最後の一夜のはずが、愛の証を身ごもりました~トツキトオカの切愛夫婦事情~

か、可愛い? 中身〝も〟? 今までのやり取りから、どうしてそんなふうに思うんだろう。謎だ……けど、ちょっと嬉しい。

今の慧さんは、どことなく心を開いてくれている気がする。表情も雰囲気もいつもよりずっと柔らかくて、私の顔は自然に火照り、胸がざわめく。


「君が自分の気持ちを率直に口にしたり、膨れっ面したりするの、この一年で今初めて見たよ。決められたことをするだけの家政婦ロボットみたいで、正直気味悪いと感じるときもあったんだ」
「慧さんは相変わらず裏表のない人ですね……」


私は脱力しながら茶々を入れた。この人は発言が結構あけっぴろげだから、ある意味清々しい。
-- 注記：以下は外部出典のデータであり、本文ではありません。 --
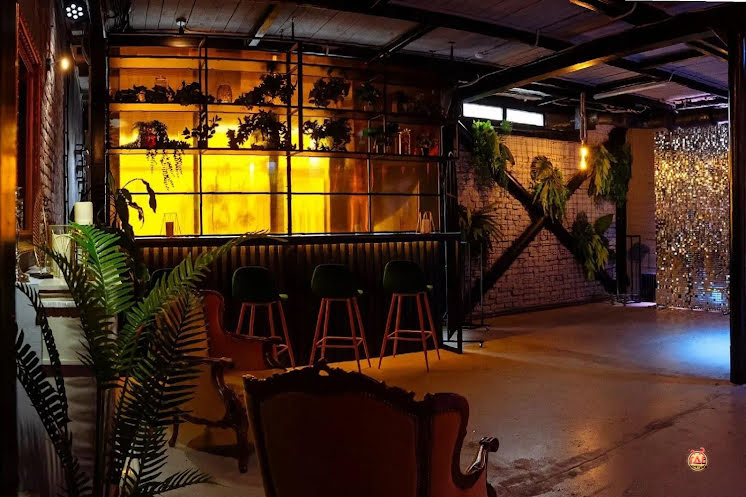 Story в «Memories на набережной Обводного канала» фотография №3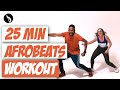 African Dance Online Workout - Afrobeats Dancehall Soca - Yemi Alade, Kevin Little, Aya Nakamura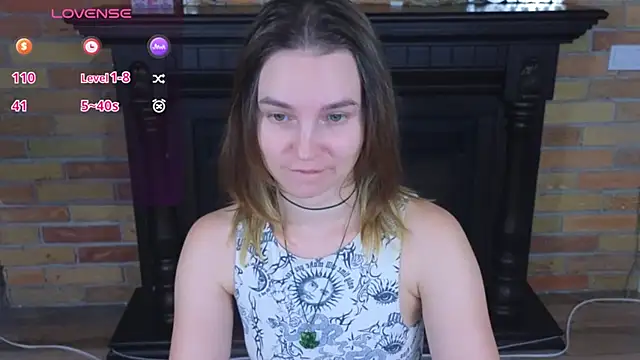 Chat +18 de Ellie_Sunset ao vivo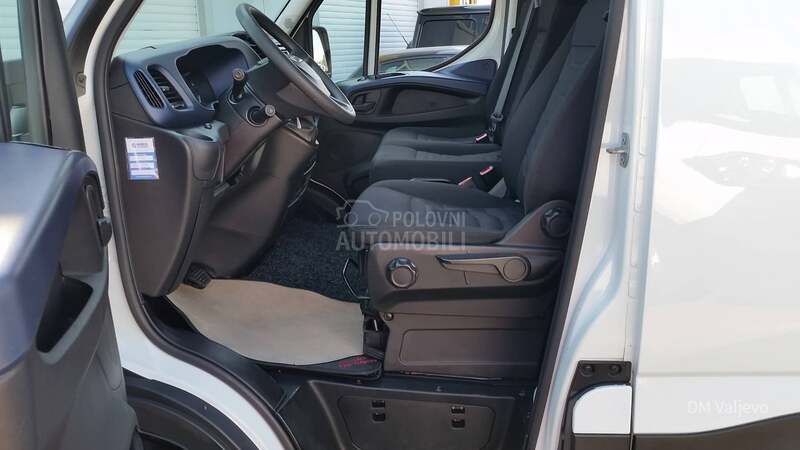 Iveco Daily 2.3MJET/3.60m/PERFFEKCIJA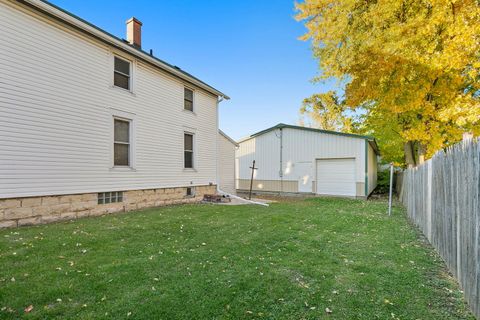 Tiny photo for 1305 E Lincoln Highway, DeKalb, IL 60115 (MLS # 12510503)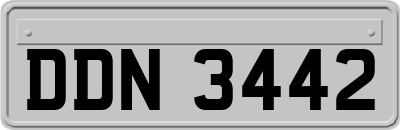 DDN3442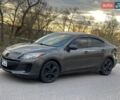 Серый Мазда 3, объемом двигателя 2 л и пробегом 297 тыс. км за 7300 $, фото 27 на Automoto.ua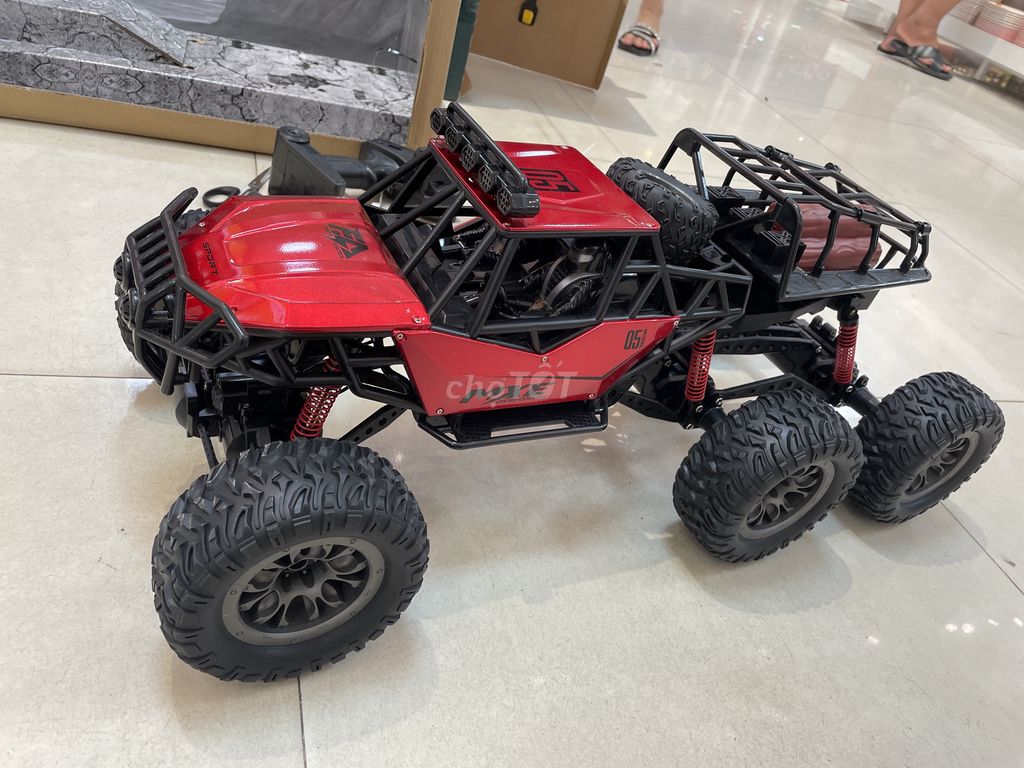 Cần bán xe điều khiển từ xa RC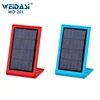 high efficiency useful folding battery panel charger solar for sale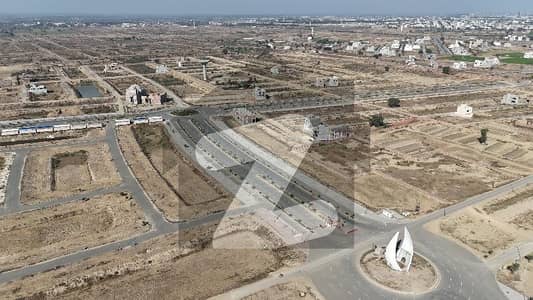 نیو لاہور سٹی ۔ فیز 3 نیو لاهور سٹی,لاہور میں 5 مرلہ کمرشل پلاٹ 1.15 کروڑ میں برائے فروخت۔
彼にも家政婦みたいだと思われていたのね。いや、ただの家政婦ならまだしも、ロボットが追加されてすごく無機質っぽくなりましたよ。〝古きよき妻〟でいようと心がけていた結果が、ロボットみたいで気味悪いって。

やっぱり私がヤマトナデシコになるのは無理だよ……と、頭の中で両親に向かってぼやいていたとき、慧さんがおもむろに腰を上げた。

こちらに歩み寄り、エスコートするようにそっと私の手を取って立ち上がらせる。